In Rephidim the Israelites were attacked by the Amalekites, who harried them while they were on their way (Deut. xxv. 17). The place where the encounter took place is not specified, nor the losses which were incurred.
The number of the Israelites was tabulated in two lists of the contingents of each tribe which were drawn up, the first when they encamped before the Holy Mount (Num. i. 46), the other when they were on the point of entering the Promised Land (Num. xxvi. 51). The internal evidence is strong that these census lists, which enumerate the numbers of each tribe, are a first hand record. At the same time the numbers arrived at by listing up the contingents of each tribe, 603,550 in the one case (Num. i. 46), and 601,730 in the other (Num. xxvi. 51), and 600,000 speaking generally (Exod. xii. 37; Num. xi. 21), are looked upon as in excess of the population which the land of Goshen could contain, and the land of Sinai could receive. Poetic licence or a mistake of the scribe was therefore put forward as an explanation. Prof. Petrie proposed a different solution.[102] The word alaf in Hebrew signifies thousand, but it also signifies family or tent-settlement. If we read the census lists as preserved in Numbers taking the so-called thousands to signify families or tent-settlements, and the hundreds only as applying to the people, the census lists contain what appears to be a reasonable statement. Thus, the tribe of Judah, instead of numbering 74,600 persons, numbered 74 tent-settlements, containing 600 persons, i.e. about eight persons to each tent-settlement; the tribe of Issachar, instead of numbering 54,400 persons, numbered 54 tent-settlements, containing 400 persons, and so forth.

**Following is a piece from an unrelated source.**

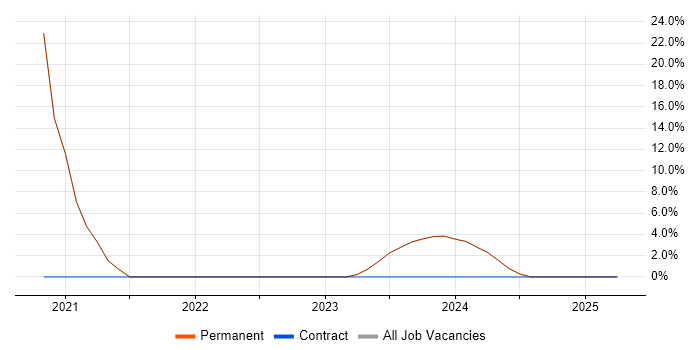 Job vacancy trend for Cybersecurity in Dumfries and Galloway Job vacancy trend for Cybersecurity in Dumfries and Galloway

On this basis the Israelites, at the first census in Sinai, numbered 598 tent-settlements, with 5550 persons; and at the second census, on the entry into Canaan, they numbered 596 tent-settlements with 5730 persons. The numbers 600,000 and so forth are attributable to a mistake of the scribe who added up the contingents of the census lists, reading the word alaf as thousand, instead of tent-settlement.